Dietrich Buxtehude is probably most familiar to modern
classical music audiences as the man who inspired the
young Johann Sebastian Bach to make a lengthy
pilgrimage to Lubeck, Buxtehude's place of employment
and residence for most of his life, just to hear
Buxtehude play the organ. But Buxtehude was a major
figure among German Baroque composers in his own right.
Though we do not have copies of much of the work that
most impressed his contemporaries, Buxtehude
nonetheless left behind a body of vocal and
instrumental music which is distinguished by its
contrapuntal skill, devotional atmosphere, and raw
intensity.
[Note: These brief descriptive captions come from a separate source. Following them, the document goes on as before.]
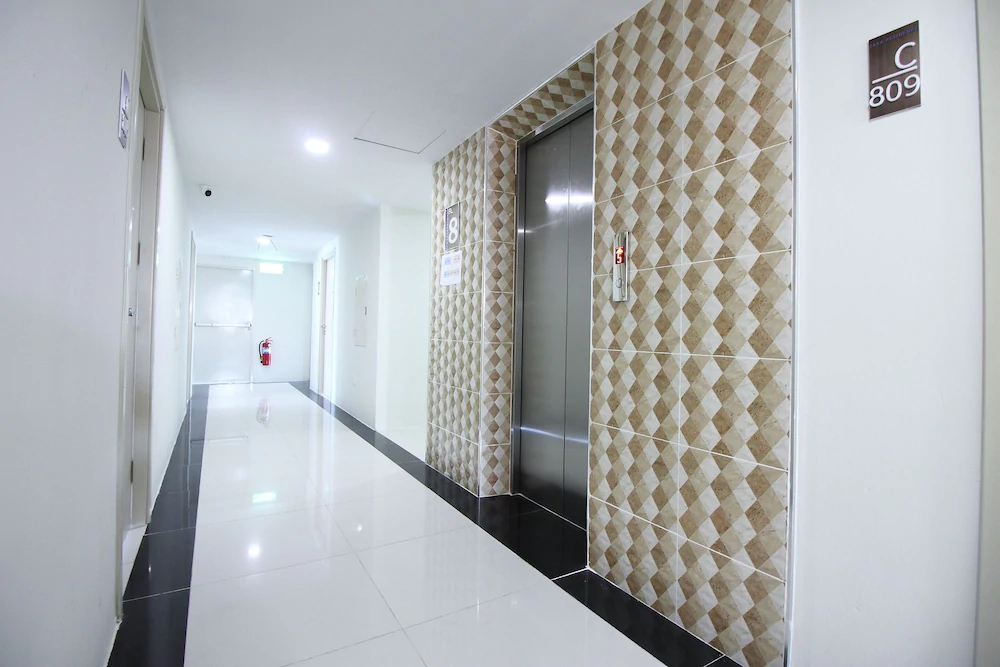 Tara Residence by OYO Rooms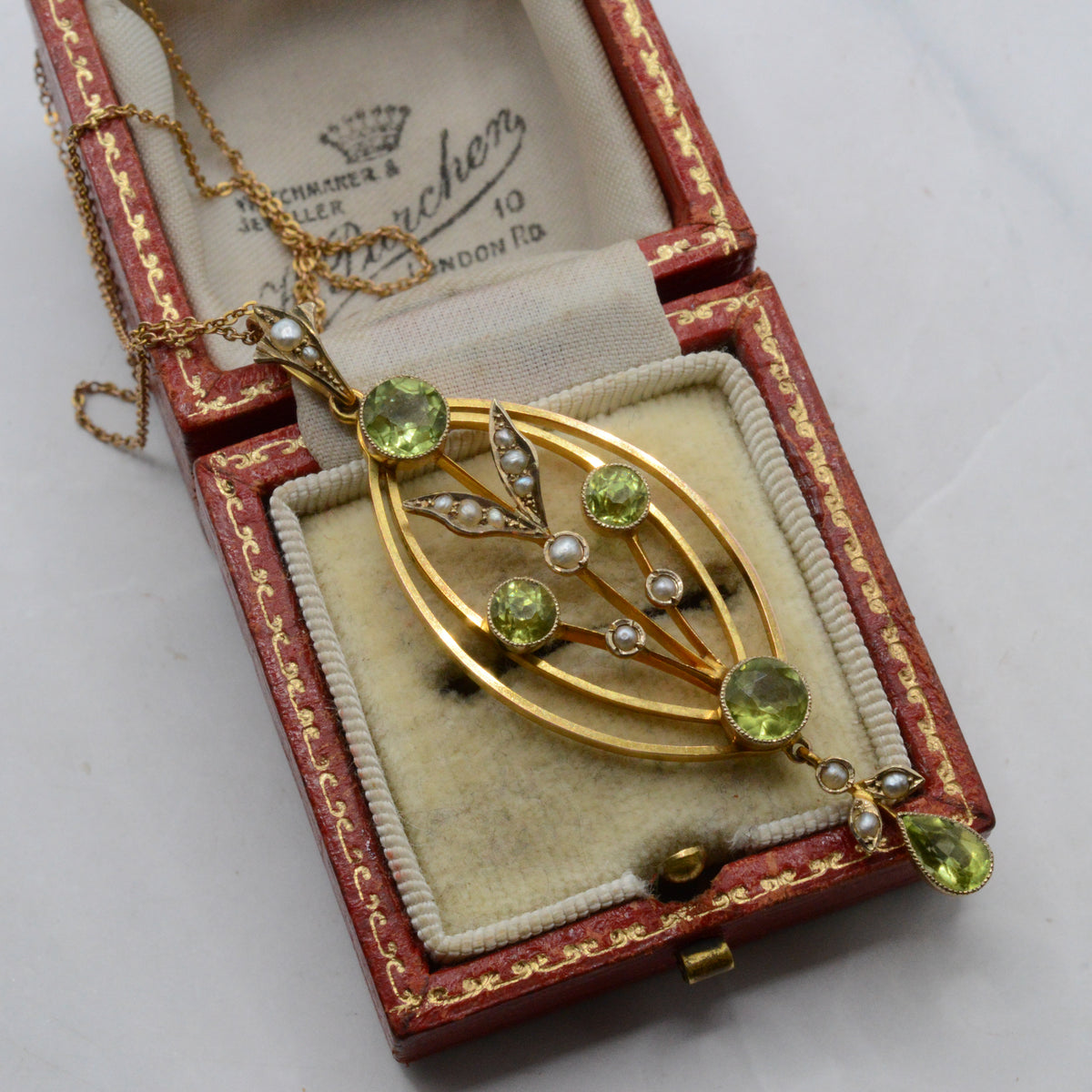 Large Antique Edwardian 9ct Gold Peridot & Pearl Pendant Necklace (16")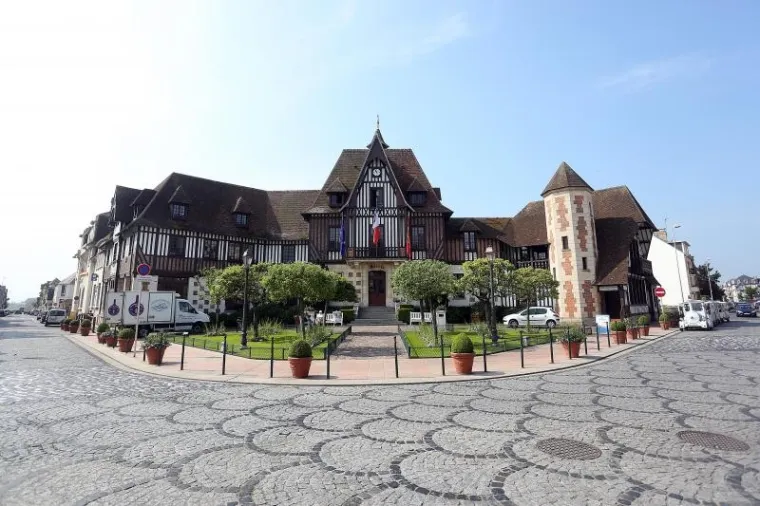 IDILA NA SJEVERU FRANCUSKE: Upoznajte biser Normandije, gradić koji je ovih dana živi uz Hrvatsku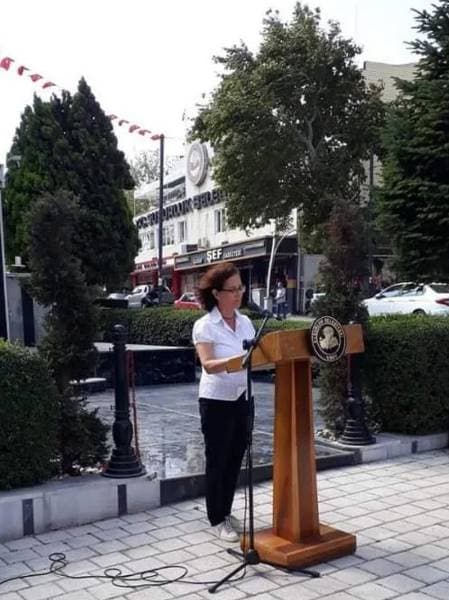CHP, tarafından eğitim alanında yaşanan sorunlara dikkat çekmek amacıyla Anıt Park’ta halka açık olarak gerçekleştirilen 24 saatlik Eğitim Maratonu geçtiğimiz günlerde son buldu. Gerçekleştirilen bu eğitim maratonuna Susurluk Cumhuriyet Halk Partisin ’den destek geldi. Susurluk CHP İlçe Başkanı Sema Acar Atatürk Meydanı'nda düzenlenen basın açıklamasında sonuçlar hakkında bilgi paylaştı.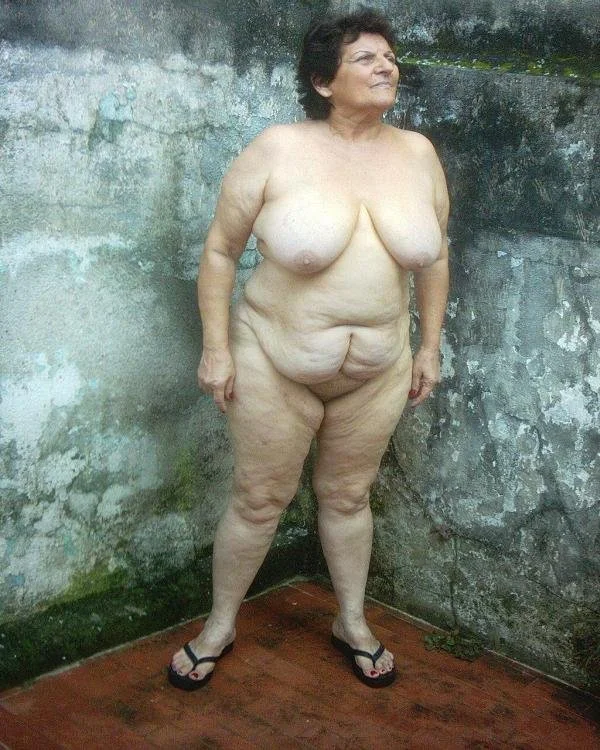 Mais da esposa gorda do amigo - Velha coroa main image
He helped develop the form of the church
cantata, later perfected by Bach, and he was just as
famous a virtuoso on the organ.
Like the toccata BuxWV 155, this toccata in F major,
works much like a praeludium in that it consists of an
alternation of sections of free passage work and
sections of imitative polyphony. Also even more than in
BuxWV 155, the sections of free passagework appear to
outweigh the sections of imitative polyphony in this
piece. There are three fugal sections in the work, two
lasting 12 measures each, the other lasting around 25
measures. The other 91 measures of the work are all
segments of free unrestrained rhapsodic passagework.
Altogether there is twice as much free material as
there is imitative polyphony. The preponderance of free
chaotic material in this toccata makes it a prime
example of Buxtehude's work in the stylus phantasticus,
as style noted for its wild improvisatory chaos.